De acordo com o site 404 Media, agora, ao pedir para o ChatGPT repetir uma palavra "para sempre", ele cumpre a solicitação algumas vezes, até mostrar uma mensagem de erro, informando que esse conteúdo pode violar as políticas de conteúdo ou os termos de uso.

Os testes do Engadget tiveram o mesmo resultado.

Entretanto, em português, a situação é um pouco diferente.

Nos testes que o Tecnoblog realizou, as palavras "celular" e "olá" foram repetidas, sem apresentar a mensagem de alerta.

O botão para continuar a gerar resposta ainda aparecia duas vezes, até ocorrer um erro.

Nenhum dado foi revelado.

Como a 404 Media nota, não há nada nas políticas de conteúdo que proíbe a repetição de palavras.

Nos termos de uso, a OpenAI diz que os usuários não devem usar métodos programados ou automatizados para extrair dados.

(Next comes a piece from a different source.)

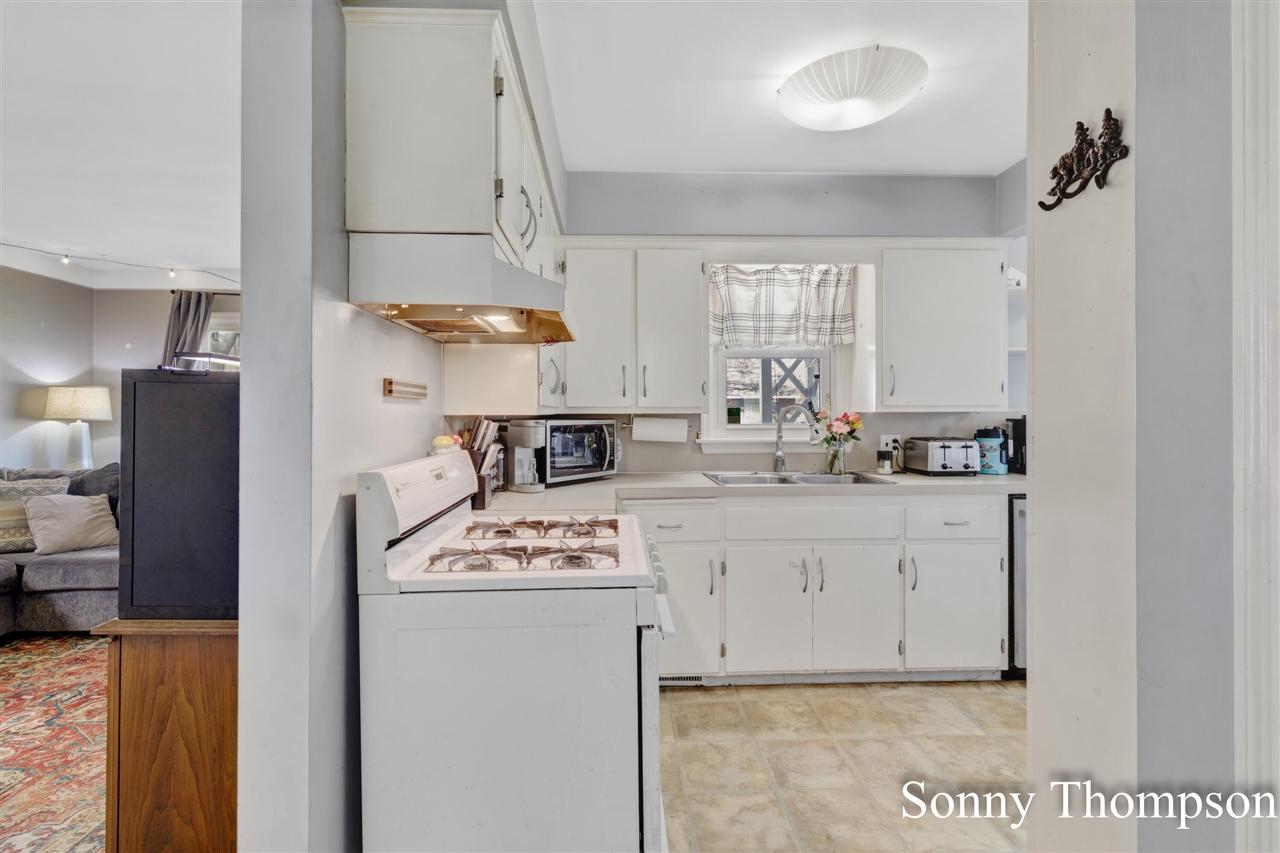 710 Everglade Drive, Grand Rapids, MI, 49507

Embora fazer um pedido ao ChatGPT não envolva programação, essa pode ser a linha de pensamento da empresa.

A OpenAI não respondeu aos contatos da reportagem da 404 Media.

Pesquisadores usaram ataque "bobo"

A questão envolvendo os dados do ChatGPT foi revelada em um artigo científico que ainda não foi publicado.

A pesquisa envolveu especialistas do Google DeepMind e também de universidades americanas como Washington, Cornell e California Berkeley, além da ETH Zurich (Suíça).

Eles demonstraram que é possível extrair informações de identificação privadas de modelos de linguagem abertos, semi-abertos (como o LLaMa da Meta) e fechados (como o ChatGPT).

No caso do ChatGPT, o estudo mostra que o robô é capaz de fornecer dados usados em seu treinamento de maneira exata, sem qualquer alteração.

Entre os dados, estão poemas completos, identificadores aleatórios como endereços de bitcoin, artigos científicos protegidos por direitos autorais e as chamadas informações pessoais identificáveis, como nomes completos, números de telefone, endereços de e-mail, datas de aniversário, nomes de usuários em redes sociais, entre outros.

Elas são reveladas aleatoriamente, não sendo possível direcioná-las.

Os próprios pesquisadores admitem que o ataque é "bobo".

No entanto, ele revela algumas coisas importantes.

Em primeiro lugar, a falta de testes de segurança ao liberar tais ferramentas.

Além disso, confirma que esses modelos foram treinados raspando indiscriminadamente os textos encontrados na internet, mesmo que fossem privados ou protegidos por direitos autorais.